Sustituyendo la drogadicción por la toxicomanía; el cuerpo devastado por la excitación por el cuerpo doblegado por la vejez; la locura desatada por el consumo de alucinógenos por la locura provocada por la enfermedad; en Vórtice Noé representa un lado más ordinario de nuestra irracionalidad, de la pérdida de control que tanto tememos, porque no es el resultado de una desviación perversa de la personalidad de los protagonistas, sino el resultado del paso de los años, de la decadencia física, de la proximidad de la muerte.

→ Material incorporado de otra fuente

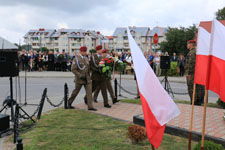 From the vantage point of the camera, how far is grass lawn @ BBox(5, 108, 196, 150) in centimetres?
508

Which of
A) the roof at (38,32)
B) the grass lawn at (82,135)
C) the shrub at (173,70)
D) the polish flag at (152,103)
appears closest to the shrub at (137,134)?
the grass lawn at (82,135)

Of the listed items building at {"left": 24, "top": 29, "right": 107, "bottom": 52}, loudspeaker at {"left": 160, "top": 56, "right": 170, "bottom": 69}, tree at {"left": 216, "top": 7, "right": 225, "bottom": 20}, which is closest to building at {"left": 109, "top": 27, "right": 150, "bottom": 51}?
building at {"left": 24, "top": 29, "right": 107, "bottom": 52}

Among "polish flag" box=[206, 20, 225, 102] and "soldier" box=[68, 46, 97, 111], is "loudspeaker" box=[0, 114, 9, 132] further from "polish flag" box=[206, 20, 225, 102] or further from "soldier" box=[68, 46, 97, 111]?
"polish flag" box=[206, 20, 225, 102]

La fragilidad que en las películas anteriores había permanecido como un subtexto -aunque escondida tras ciertos gestos despiadados, por desesperados, o en los intentos de refugiarse en alucinaciones para diluir el dolor de la realidad- se convierte así en un elemento fundamental de la narración, casi una atmósfera, cuya importancia el director parece querer declarar abiertamente. En este sentido, el cine de Noé llega a los extremos para mostrarnos todo aquello que consideramos indigno de representación, desde las expresiones más radicales de la crueldad hasta las debilidades que nos recuerdan lo falibles que somos, enfrentándonos al horror de las primeras, pero también a la necesidad de hacer las paces con las segundas.
La forma en que sus películas nos sumergen en la parte irracional que sólo hemos aprendido a reprimir, mostrándonos aspectos que probablemente no habríamos tenido el valor de mirar por nuestra cuenta, es por tanto una invitación a conocerla de verdad, no sólo a educarla, sino a intentar vivirla plenamente en algunas de sus manifestaciones. Como para recordarnos que hay extremos de nuestra experiencia de la realidad y del encuentro con el Otro hacia los que vale la pena empujarnos, incluso cuando tememos perder el control, salir derrotados; y que abandonarnos a lo que sentimos, a veces, puede representar una conquista.